En la segunda Guerra Mundial, el Ejército japonés dejó un rastro de crueldad que sería una de las cargas morales de su postguerra, tutelada por Douglas MacArthur: él intuyó que respetar la figura del emperador era la mejor manera de contribuir a que el Japón no perdiera su dignidad, se integrase en el sistema de seguridad del mundo libre y creciera económicamente después de la trágica derrota, inmediata a Hiroshima y Nagasaki. La tradición de militarismo extremo que quedó patente en la segunda Guerra Mundial --la matanza de Nankín, por ejemplo-- pervivió en la nostalgia del sol naciente. Fue por eso que el gran escritor Yukio Mishima se inmoló públicamente, con el fervor de una tradición extinta.
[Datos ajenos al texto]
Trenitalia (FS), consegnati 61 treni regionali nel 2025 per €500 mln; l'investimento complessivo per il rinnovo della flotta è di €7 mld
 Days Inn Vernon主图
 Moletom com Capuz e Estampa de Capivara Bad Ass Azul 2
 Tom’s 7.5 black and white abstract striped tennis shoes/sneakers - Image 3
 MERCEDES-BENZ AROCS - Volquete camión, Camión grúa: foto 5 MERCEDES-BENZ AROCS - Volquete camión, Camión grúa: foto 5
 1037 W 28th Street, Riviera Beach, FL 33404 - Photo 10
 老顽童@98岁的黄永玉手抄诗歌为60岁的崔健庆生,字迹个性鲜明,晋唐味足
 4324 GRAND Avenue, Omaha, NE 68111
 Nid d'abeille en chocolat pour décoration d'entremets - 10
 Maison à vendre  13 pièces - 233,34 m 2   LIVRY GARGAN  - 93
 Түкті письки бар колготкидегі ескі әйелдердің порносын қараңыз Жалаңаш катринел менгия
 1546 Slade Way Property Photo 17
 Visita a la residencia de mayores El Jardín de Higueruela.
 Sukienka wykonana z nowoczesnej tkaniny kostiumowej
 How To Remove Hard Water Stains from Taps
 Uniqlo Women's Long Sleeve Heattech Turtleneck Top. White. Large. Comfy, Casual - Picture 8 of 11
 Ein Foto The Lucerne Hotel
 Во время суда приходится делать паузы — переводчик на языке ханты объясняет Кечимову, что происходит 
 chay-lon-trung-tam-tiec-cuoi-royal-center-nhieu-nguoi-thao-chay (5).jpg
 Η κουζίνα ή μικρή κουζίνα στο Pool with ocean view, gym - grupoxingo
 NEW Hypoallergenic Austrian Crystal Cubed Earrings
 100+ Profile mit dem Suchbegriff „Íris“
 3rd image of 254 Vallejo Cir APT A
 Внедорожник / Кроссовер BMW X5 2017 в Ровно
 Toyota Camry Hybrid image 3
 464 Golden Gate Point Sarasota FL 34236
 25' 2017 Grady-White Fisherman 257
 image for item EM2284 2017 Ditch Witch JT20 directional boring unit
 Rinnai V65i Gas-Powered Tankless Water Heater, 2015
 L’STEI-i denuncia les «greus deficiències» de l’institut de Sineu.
Shinzo Abe representa todo lo contrario. Su sentido pragmático de la historia fue especialmente oportuno. Los japoneses le votaron una y otra vez. Él manifestó repetidamente su profundo pesar por las víctimas de la guerra --violaciones en Corea, muerte indiscriminada, trato cruel de los prisioneros de guerra-- pero sin enunciar una culpa colectiva. Quizás eso no se entendió bien en Occidente, pero era lo que el Japón necesitaba, en el momento en que su economía se aceleraba como un misil de largo alcance --con posterior desaceleración--, la prosperidad abrumaba a sus competidores y los cambios sociales incluso superaban a veces sus ritos de vieja nación asiática.

Las añoranzas que nutrían la tradición militarista menguaron. Cuando se critican las peores páginas de ese militarismo también sería necesario celebrar hasta qué punto la evolución imperial tras la derrota y el pragmatismo político la han reducido al máximo. Ya se irá sabiendo si el asesinato de Abe incumbe a la patología de la crueldad añorada, a la lealtad a un pasado que la posguerra canceló.

Es una tragedia inaudita para el Japón que se siente amenazado por China, paralizado por la baja natalidad, por la pérdida de costumbres e incluso por el impacto de las nuevas tecnologías en la vida cotidiana. Abe había dado confianza al Japón y poco más se le puede pedir a un político. Representó la máxima estabilidad posible para un país que venía de siglos muy azarosos. Tan reciente el libro magnífico de Michael Burleigh sobre la historia del asesinato político, de reeditarlo habrá de dedicar un epílogo a la muerte de Sinzho Abe, un gran político para un gran país.